Pope Benedict XVI gives the final blessing Nov. 14, 2012 during the general audience in Paul VI Hall. / Matthew Rarey-CNA.

The practical atheism of those who say they are Christian but live as if God does not exist is a greater threat than actual atheism, Pope Benedict XVI said as he presented three ways for people to more fully discover God.

While actual atheists often think deeply about God before rejecting belief, practical atheism "is even more destructive … because it leads to indifference towards faith and the question of God," the Pope stated.

His fourth installment in a series of lessons on faith was delivered Nov. 14 to an overflow crowd of nearly 7,000 in the Pope Paul VI Hall, near St. Peter's Square.

Benedict XVI focused his address on the challenge of witnessing to Christ in today's world.
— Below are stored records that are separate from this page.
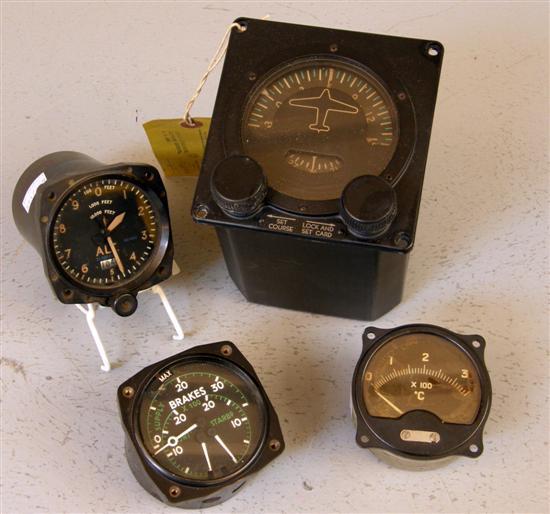 Appraisal: Four World War II Aircraft cockpit instruments Electric Directional Gyro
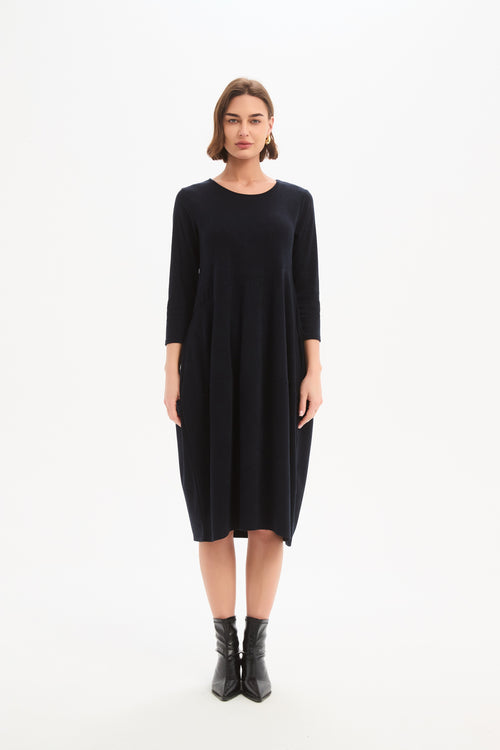 Tirelli Navy Diagonal Seam Combi Dress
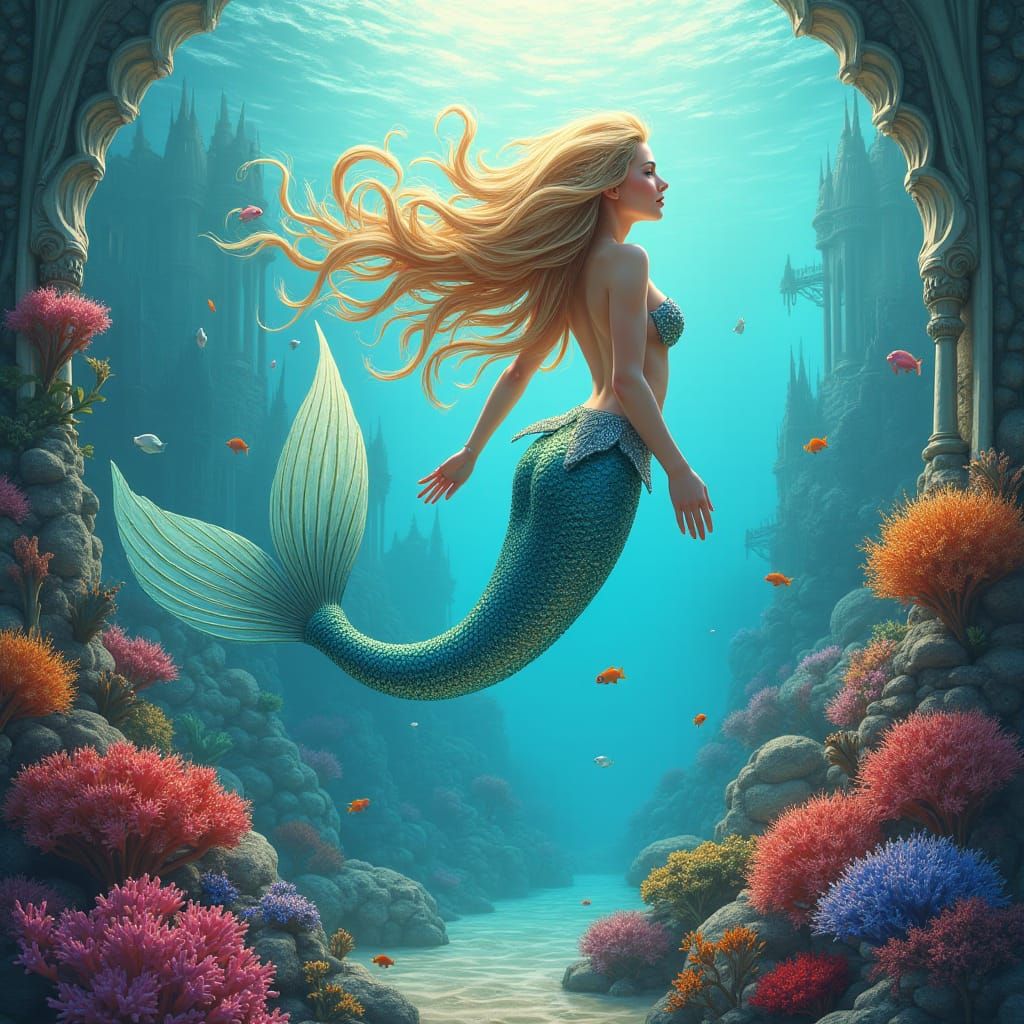 Mermaid in Coral Reef with Castle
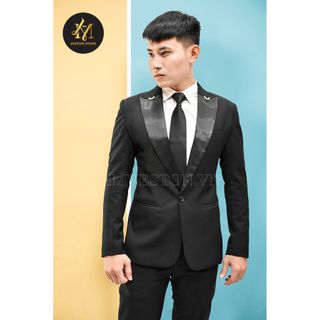 Bộ vest nam màu đen phối ve phi đen cá tính kèm cà vạt nơ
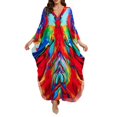 thumbnail image 1 of Riforla Cache-Maillots pour Maillots de Bain Grande Taille Robe Caftan Col en V Manches Chauve-Souris Imprimé Floral Sortie de Plage Robe de Protection Solaire Rouge Taille Unique, 1 of 7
Christian witness is always hard, he said, because people are prone to "being dazzled by the glitter of worldliness," but in the Western world sharing the faith is even harder today.

As he described it, the Christian faith was the everyday reality for most people in what used to be called Christendom. The burden was on non-believers to justify their disbelief.

But today the tables have turned following a long slide into atheism, skepticism and a secular worldview that was ushered in by the Enlightenment.

This, in turn, has paved the way for moral and spiritual disaster in the Western world. People have become confused about ethics once commonly held, making room for relativism and fostering "an ambiguous conception of freedom, which instead of being liberating ends up binding man to idols," the Pope said.

In response to the ensuing moral and spiritual chaos, Pope Benedict called on all people to discover God by following three paths.

The first path involves contemplating creation. "The world is not a shapeless magma, but the more we know, the more we discover the amazing mechanisms, the more we see a pattern, we see that there is a creative intelligence," the pontiff remarked.

The second way of finding God is through inner contemplation. The Holy Father quoted St. Augustine's famous saying, "Do not go outside yourself, come back into yourself: truth dwells in the heart of man." He also observed that the modern world is full of distractions that make it hard "to stop and take a deep look within ourselves and read that thirst for the infinite that we carry within, pushing us to go further and towards that Someone who can satisfy it."

The third path, faith, is a dimly lit path for many people who view it as a limited aspect of life, if not a form of "illusion, escapism…or sentimentality."

But in reality, the Pope stated, faith concerns the truth about mankind and our eternal destinies.

"Faith … is an encounter with God who speaks and acts in history and which converts our daily life, transforming our mentality, system of values, choices and actions," he said. Faith is "not illusion, escapism, a comfortable shelter, sentimentality, but involvement in every aspect of life and proclamation of the Gospel, the Good News which can liberate all of man."

Yet, many people consider Christianity as a mere system of beliefs and morals instead of God's self-revelation in history so that he could have a loving relationship with his creatures.

"Christianity, before being a moral or ethical value, is the experience of love, of welcoming the person of Jesus," Pope Benedict stated, calling on all Christians to learn better the faith they profess and purify their lives in conformity with Christ.

After the Pope summarized his message in different languages and prayed the Our Father in Latin, the visiting men and boys of England's Choir of Westminster Abbey burst into a joyful hymn.

Jim and Joyce Vieland, visiting Rome for the first time with other pilgrims from the Diocese of Cleveland, were enthralled by the experience.

"It was tranquil, yet joyous," said Mr. Vieland of Chardon, Ohio. "What I took away was the message that if you give joy to Jesus, then others, you yourself will be happy."

Mrs. Vieland rejoiced in the unity of Catholicism on display in the hall, with so many people from around the world professing their common faith.

"I believe that if more people came to Rome to see the unity of the Church, they'd become closer to our Lord," she said.